In this situation, we consider extreme values as belonging to only one of the two tails and, when we test to see if a value is in one of those tails, we call it a one-tailed test.
Considering the situation in Figure 3.5, imagine two experimenters \(A\) and \(B\) each independently select a number and want to determine the probability that their number came from the distribution. Their hypothesis is:
\[H_0: \textrm{My number comes from the distribution in the figure}\]
In this case, the test is a one-tailed test because we only consider a value to be extreme if it is too large.
Experimenter \(A\) selected the number -2.5.
Experimenter \(B\), however selected the number 2.
The examples below describe how we might write down the hypotheses for an experiment, for statistical hypothesis testing.

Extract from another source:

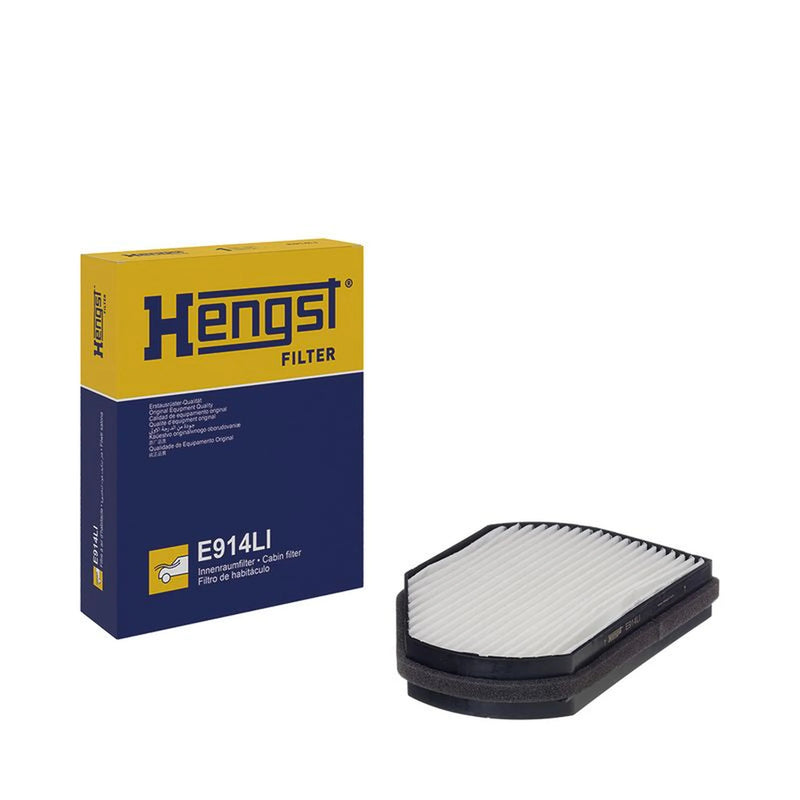 Hengst Cabin Air Filter (Pollen Filter) fits Chrysler Crossfire 2003-2008 3.2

We require to test whether the mean rate of absorption is close to a particular value: 1.5mg/h (perhaps because we want to be certain about rate of uptake in a patient). We measure the rate of absorption, and assume that (i) the data is Normally Distributed, and (ii) no alternative mean has been suggested.
In this case, we can set our hypothesis to be:
\[H_0: \textrm{The mean rate of absorption is 1.5mg/h}\]
and then perform a two-tailed \(t\)-test against an assumed mean value of 1.5, because we want to check if our data is extremely high or extremely low.
We require to test whether the mean rate of absorption is slower than a particular value: 1.5mg/h (because faster absorption may result in kidney or liver damage, for example). We measure the rate of absorption, and assume that (i) the data is Normally Distributed, and (ii) no alternative mean has been suggested.
In this case, we can set our hypothesis to be:
\[H_0: \textrm{The mean rate of absorption is greater than 1.5mg/h}\]
and then perform a one-tailed \(t\)-test against an assumed mean value of 1.5, because we want to check if our data is extremely high.
We require to test whether our new drug A is equivalent to the current best treament available: drug B. We will be measuring pain on a continuous scale for, assuming that the data is Normally-distributed. We have the same number of patients, matched for the same backgrounds and characteristics, being treated with each drug. Each patient receives one and only one drug.
Here, we can set our hypothesis to be:
\[H_0: \textrm{There is no difference between the effectiveness of the two treatments}\]
and then perform a two-tailed, two-sample t-test on the two datasets. In this case we would be checking to see if the mean difference between each dataset mean is extremely different from zero (in either positive or negative direction).